**Exercise description:** Retype every entry exactly, down to the last character.

Data provided Start Marker

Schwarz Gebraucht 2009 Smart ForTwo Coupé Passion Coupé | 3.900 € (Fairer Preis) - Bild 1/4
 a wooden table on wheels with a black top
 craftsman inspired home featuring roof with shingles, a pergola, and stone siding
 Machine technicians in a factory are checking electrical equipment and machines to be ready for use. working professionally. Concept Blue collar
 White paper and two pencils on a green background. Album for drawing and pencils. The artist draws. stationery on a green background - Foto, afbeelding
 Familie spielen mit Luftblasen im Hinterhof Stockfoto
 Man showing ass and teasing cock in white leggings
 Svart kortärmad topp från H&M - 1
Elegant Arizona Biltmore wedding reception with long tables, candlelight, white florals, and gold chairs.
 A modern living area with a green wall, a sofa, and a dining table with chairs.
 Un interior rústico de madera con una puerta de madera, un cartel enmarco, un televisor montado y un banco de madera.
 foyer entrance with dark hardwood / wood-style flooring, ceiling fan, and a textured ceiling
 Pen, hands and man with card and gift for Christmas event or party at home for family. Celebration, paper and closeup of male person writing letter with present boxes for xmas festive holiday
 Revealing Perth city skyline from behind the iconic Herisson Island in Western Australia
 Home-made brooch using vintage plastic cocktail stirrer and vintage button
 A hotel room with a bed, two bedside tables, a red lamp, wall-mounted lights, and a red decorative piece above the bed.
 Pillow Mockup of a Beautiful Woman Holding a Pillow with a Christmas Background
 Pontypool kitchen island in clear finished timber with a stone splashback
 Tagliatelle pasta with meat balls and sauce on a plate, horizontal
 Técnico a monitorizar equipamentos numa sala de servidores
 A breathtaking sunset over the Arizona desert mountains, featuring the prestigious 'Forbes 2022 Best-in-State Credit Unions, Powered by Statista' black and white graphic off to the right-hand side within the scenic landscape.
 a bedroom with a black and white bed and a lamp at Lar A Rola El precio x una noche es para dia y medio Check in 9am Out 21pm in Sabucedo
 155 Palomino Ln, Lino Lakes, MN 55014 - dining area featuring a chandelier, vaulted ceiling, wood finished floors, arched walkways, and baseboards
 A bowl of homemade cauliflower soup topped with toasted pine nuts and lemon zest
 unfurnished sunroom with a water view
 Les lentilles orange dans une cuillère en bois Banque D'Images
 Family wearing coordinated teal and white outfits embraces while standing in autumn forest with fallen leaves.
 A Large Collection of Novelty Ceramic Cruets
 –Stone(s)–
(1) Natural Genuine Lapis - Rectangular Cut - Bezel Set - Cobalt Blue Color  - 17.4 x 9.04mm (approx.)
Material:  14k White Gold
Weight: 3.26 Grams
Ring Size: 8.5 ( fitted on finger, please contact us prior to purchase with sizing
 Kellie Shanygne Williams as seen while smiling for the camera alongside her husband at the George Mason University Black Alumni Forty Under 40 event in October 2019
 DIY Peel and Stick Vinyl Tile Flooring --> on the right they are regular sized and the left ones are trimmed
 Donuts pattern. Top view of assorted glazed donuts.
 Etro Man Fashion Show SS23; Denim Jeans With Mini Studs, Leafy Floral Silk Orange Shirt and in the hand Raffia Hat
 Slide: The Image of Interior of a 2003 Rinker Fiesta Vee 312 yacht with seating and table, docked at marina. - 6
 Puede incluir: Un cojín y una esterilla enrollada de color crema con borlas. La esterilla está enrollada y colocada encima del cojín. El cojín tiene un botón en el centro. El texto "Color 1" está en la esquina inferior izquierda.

Data provided End Marker

**Solution to this exercise:**
Schwarz Gebraucht 2009 Smart ForTwo Coupé Passion Coupé | 3.900 € (Fairer Preis) - Bild 1/4
 a wooden table on wheels with a black top
 craftsman inspired home featuring roof with shingles, a pergola, and stone siding
 Machine technicians in a factory are checking electrical equipment and machines to be ready for use. working professionally. Concept Blue collar
 White paper and two pencils on a green background. Album for drawing and pencils. The artist draws. stationery on a green background - Foto, afbeelding
 Familie spielen mit Luftblasen im Hinterhof Stockfoto
 Man showing ass and teasing cock in white leggings
 Svart kortärmad topp från H&M - 1
Elegant Arizona Biltmore wedding reception with long tables, candlelight, white florals, and gold chairs.
 A modern living area with a green wall, a sofa, and a dining table with chairs.
 Un interior rústico de madera con una puerta de madera, un cartel enmarco, un televisor montado y un banco de madera.
 foyer entrance with dark hardwood / wood-style flooring, ceiling fan, and a textured ceiling
 Pen, hands and man with card and gift for Christmas event or party at home for family. Celebration, paper and closeup of male person writing letter with present boxes for xmas festive holiday
 Revealing Perth city skyline from behind the iconic Herisson Island in Western Australia
 Home-made brooch using vintage plastic cocktail stirrer and vintage button
 A hotel room with a bed, two bedside tables, a red lamp, wall-mounted lights, and a red decorative piece above the bed.
 Pillow Mockup of a Beautiful Woman Holding a Pillow with a Christmas Background
 Pontypool kitchen island in clear finished timber with a stone splashback
 Tagliatelle pasta with meat balls and sauce on a plate, horizontal
 Técnico a monitorizar equipamentos numa sala de servidores
 A breathtaking sunset over the Arizona desert mountains, featuring the prestigious 'Forbes 2022 Best-in-State Credit Unions, Powered by Statista' black and white graphic off to the right-hand side within the scenic landscape.
 a bedroom with a black and white bed and a lamp at Lar A Rola El precio x una noche es para dia y medio Check in 9am Out 21pm in Sabucedo
 155 Palomino Ln, Lino Lakes, MN 55014 - dining area featuring a chandelier, vaulted ceiling, wood finished floors, arched walkways, and baseboards
 A bowl of homemade cauliflower soup topped with toasted pine nuts and lemon zest
 unfurnished sunroom with a water view
 Les lentilles orange dans une cuillère en bois Banque D'Images
 Family wearing coordinated teal and white outfits embraces while standing in autumn forest with fallen leaves.
 A Large Collection of Novelty Ceramic Cruets
 –Stone(s)–
(1) Natural Genuine Lapis - Rectangular Cut - Bezel Set - Cobalt Blue Color  - 17.4 x 9.04mm (approx.)
Material:  14k White Gold
Weight: 3.26 Grams
Ring Size: 8.5 ( fitted on finger, please contact us prior to purchase with sizing
 Kellie Shanygne Williams as seen while smiling for the camera alongside her husband at the George Mason University Black Alumni Forty Under 40 event in October 2019
 DIY Peel and Stick Vinyl Tile Flooring --> on the right they are regular sized and the left ones are trimmed
 Donuts pattern. Top view of assorted glazed donuts.
 Etro Man Fashion Show SS23; Denim Jeans With Mini Studs, Leafy Floral Silk Orange Shirt and in the hand Raffia Hat
 Slide: The Image of Interior of a 2003 Rinker Fiesta Vee 312 yacht with seating and table, docked at marina. - 6
 Puede incluir: Un cojín y una esterilla enrollada de color crema con borlas. La esterilla está enrollada y colocada encima del cojín. El cojín tiene un botón en el centro. El texto "Color 1" está en la esquina inferior izquierda.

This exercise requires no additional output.